# Records for this task
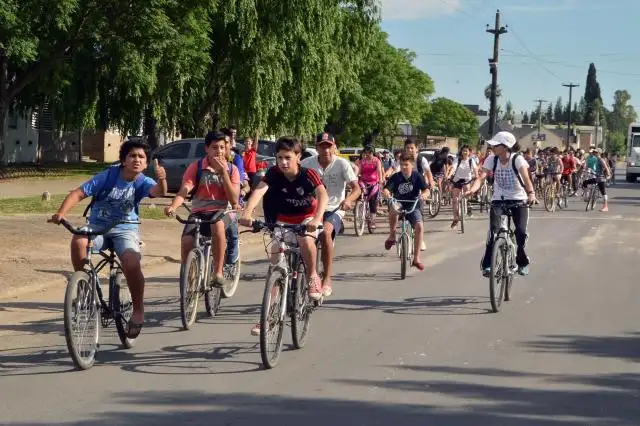 Se desarrolló la tradicional bicicleteada de “Beracochea”
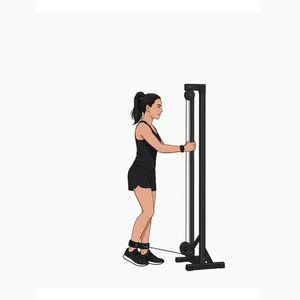 Cable Glute Kickback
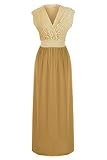 G2 Chic Women's Basic Casual Lounge Spring Summer Maxi Dress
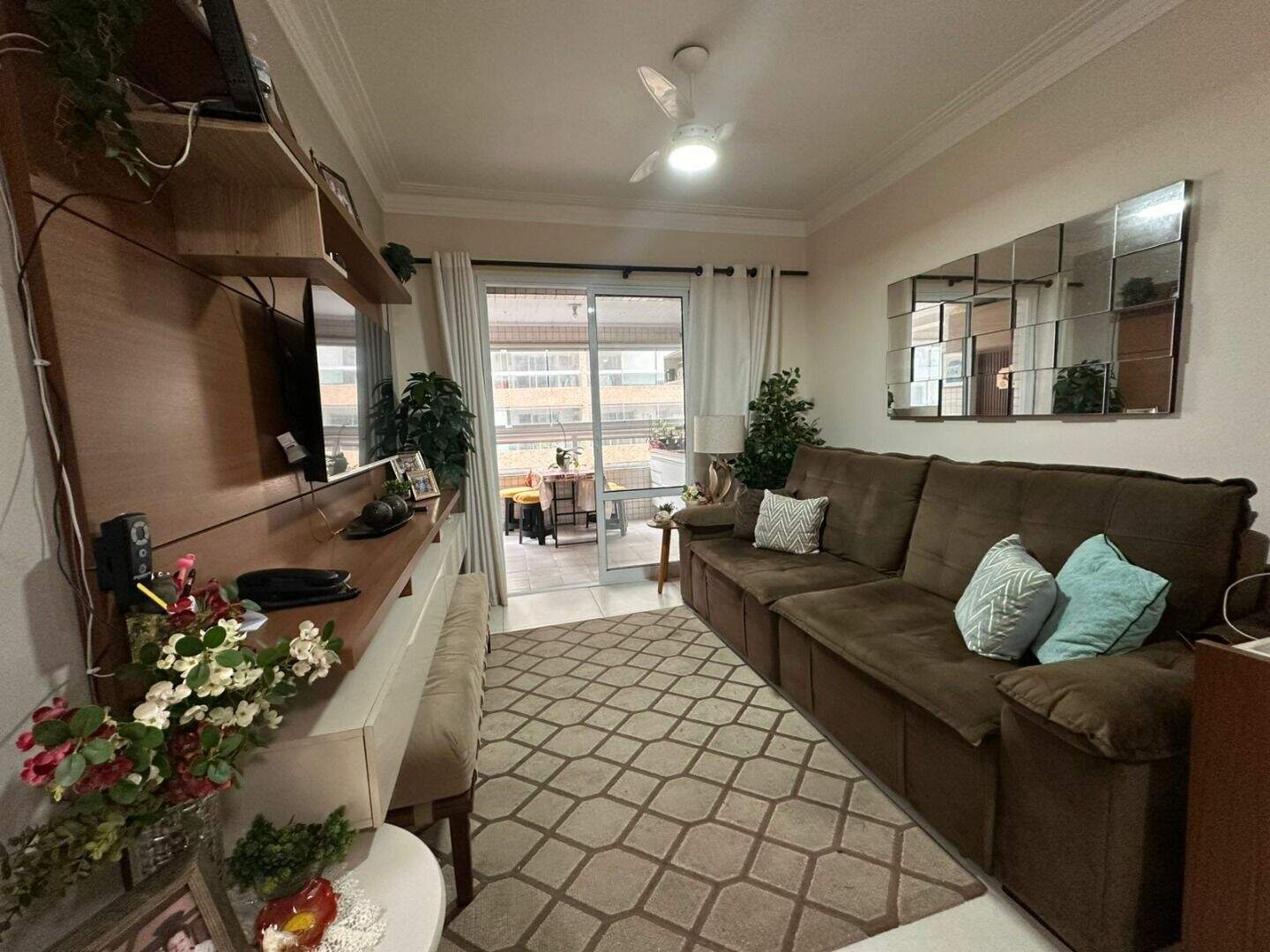 Apartamento à venda no Canto do Forte: 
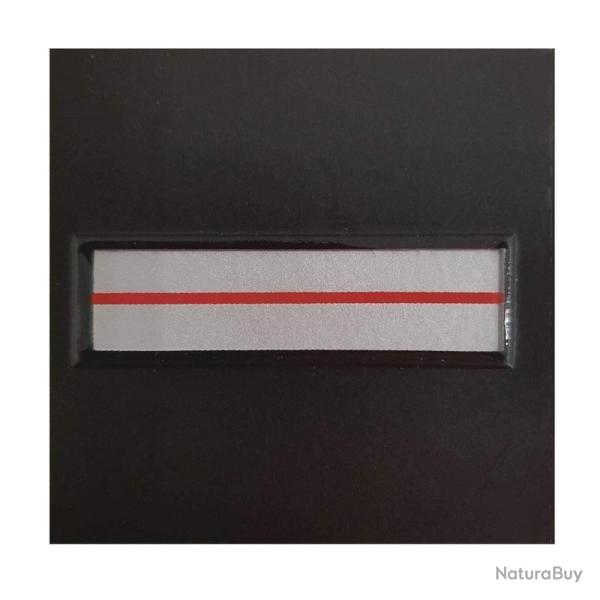 Insigne Grade Gendarmerie Nationale Noir Adjudant Chef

# What the exercise asks
Please restate the entries word for word. Skip the pictures.

# Response area
 Se desarrolló la tradicional bicicleteada de “Beracochea”
 Cable Glute Kickback
 G2 Chic Women's Basic Casual Lounge Spring Summer Maxi Dress
 Apartamento à venda no Canto do Forte: 
 Insigne Grade Gendarmerie Nationale Noir Adjudant Chef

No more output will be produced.